The Diamond Jubilee Gardens were established and opened in 2012 and located on the site of the former Twickenham Lido. The gardens were transformed, after 30 years of neglect, as part of Richmond Council’s regeneration of Twickenham. The gardens were officially opened on 23 June 2012 by Princess Alexandra.
Launched in June 2011 by Lord True, Leader of the Council, The Frame is a changing display of artwork inspired by Trafalgar Square’s Fourth Plinth Project and created by young people and community groups working with Orleans House Gallery. The aim is to showcase and enjoy local creative talent with a link to the area’s rich heritage. The changing display has encompassed the following works:
- The Thames at Twickenham is one of three local sweeping panoramic scenes painted by Tillemans during the 1720s and is the earliest complete topographical view of this river frontage. Assisted by artist Rachel Craddock young people created a modern day pastiche of the Tillemans landscape.
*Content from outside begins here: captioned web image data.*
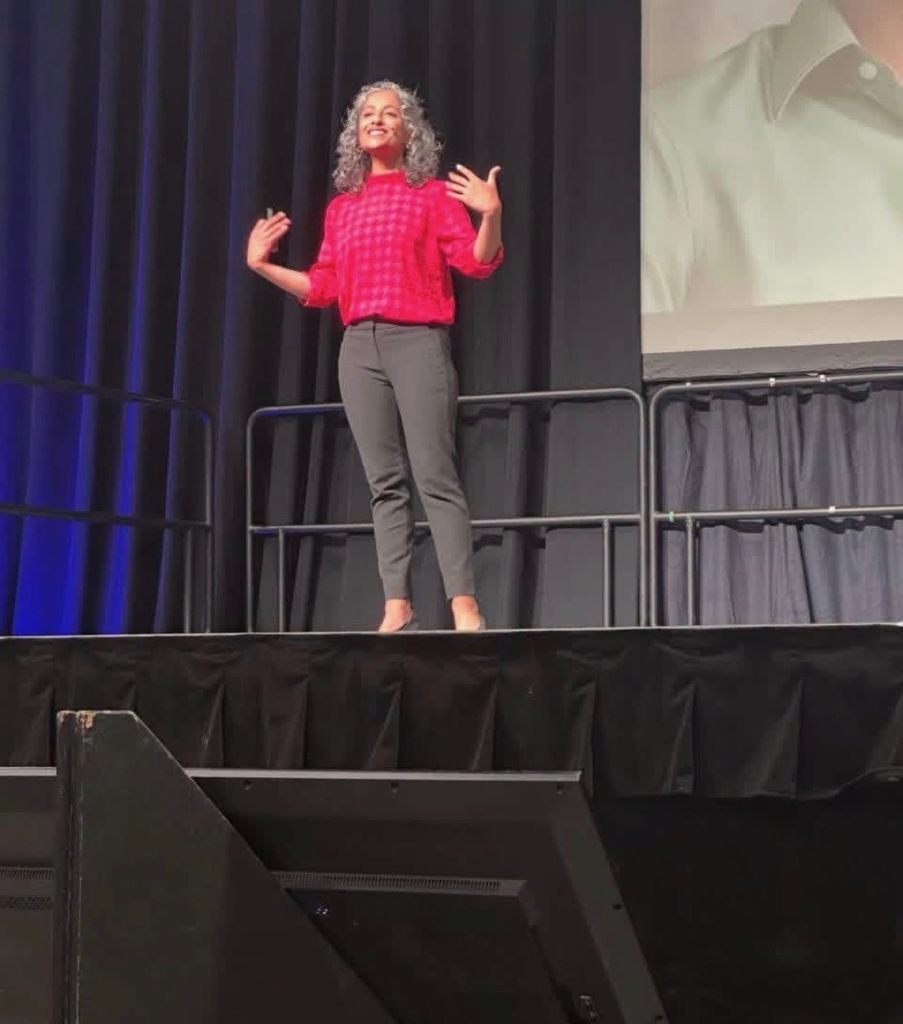 A woman stands on a stage, gesturing with raised hands. Behind her, a screen displays a man in a white shirt. The stage has a blue backdrop and black curtains.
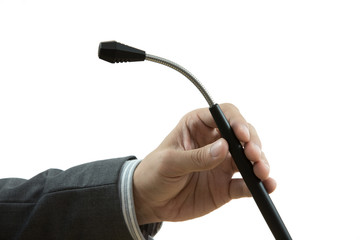 a hand holding a microphone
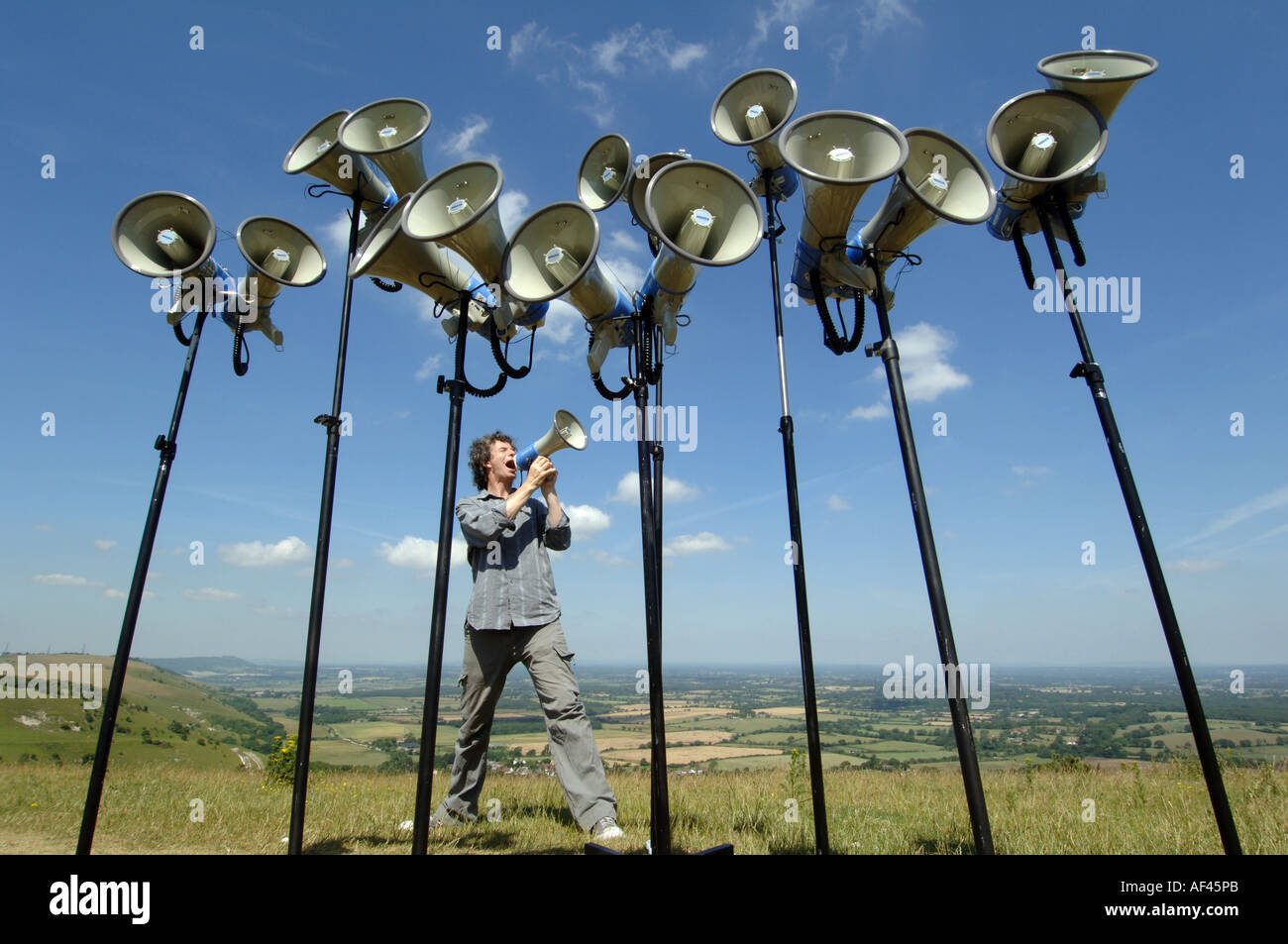 Compositeur et directeur de la chorale crier Orlando Gough avec mégaphones sur Devils Dyke, 'South Downs' 'National Park' Sussex UK Banque D'Images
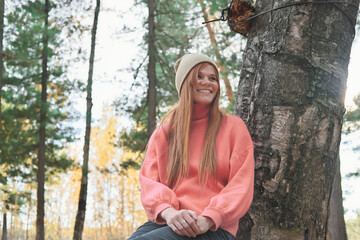 young red haired woman wearing orange pullover sitting in a forest under the tree and smiling. front view. autumn in a forest, warm fall season walking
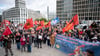 Teilnehmer stehen auf der Demonstration „Heizung, Brot & Frieden! Protestieren statt frieren“ am Potsdamer Platz mit Fahnen und Plakaten.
- Swim was inspired by the Diamond Jubilee Gardens Lido pool heritage and linked to 1920s and 30s poster design. Young people worked with Artist-in-Residence Nathalie Palin.
- Floral Map (2013) is a 21st century collaborative ‘map’ of the area celebrating the rich cultural heritage of the architecture, parks and gardens all around us. Young people worked with artist Emily Allchurch and took inspiration from visits to Kew Gardens and 18th century topographical prints of Richmond upon Thames.